(Caption-style text data)
Segment Open

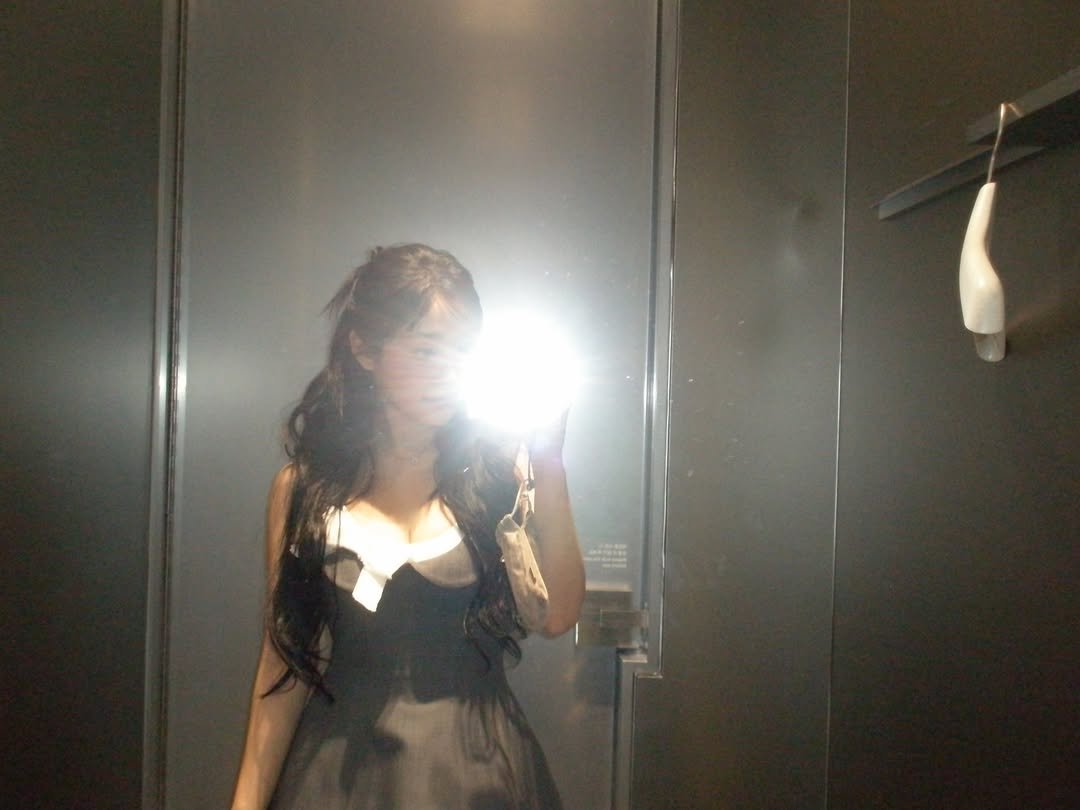 it_dreamcatcher's tweet image. [27.02.26] [Aggiornamento INSTAGRAM di #GAHYUN fox._.zzlo_]

Ho provato dei vestiti carini 💗 #empty #shushutong 

instagram.com/p/DVOeHCfkT_8

👓
#드림캐쳐 #Dreamcatcher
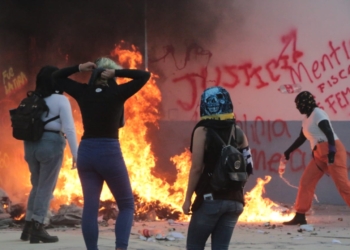 Feministas de Cancún le prenden fuego a puerta principal de Fiscalía
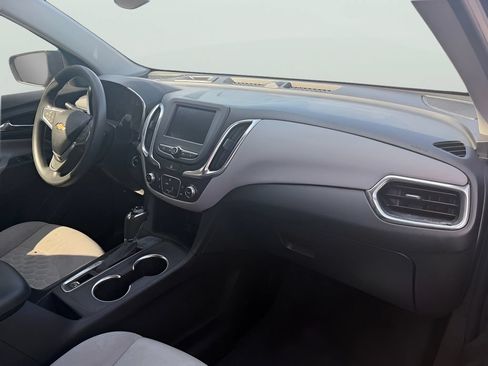 Used 2021 Chevrolet Equinox LS w/ LS Convenience Package FWD image 16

Segment Closed

Exercise details -
The answer must be an exact restatement of all the records, with no pictures included.

Your response -
 it_dreamcatcher's tweet image. [27.02.26] [Aggiornamento INSTAGRAM di #GAHYUN fox._.zzlo_]

Ho provato dei vestiti carini 💗 #empty #shushutong 

instagram.com/p/DVOeHCfkT_8

👓
#드림캐쳐 #Dreamcatcher
 Feministas de Cancún le prenden fuego a puerta principal de Fiscalía
 Used 2021 Chevrolet Equinox LS w/ LS Convenience Package FWD image 16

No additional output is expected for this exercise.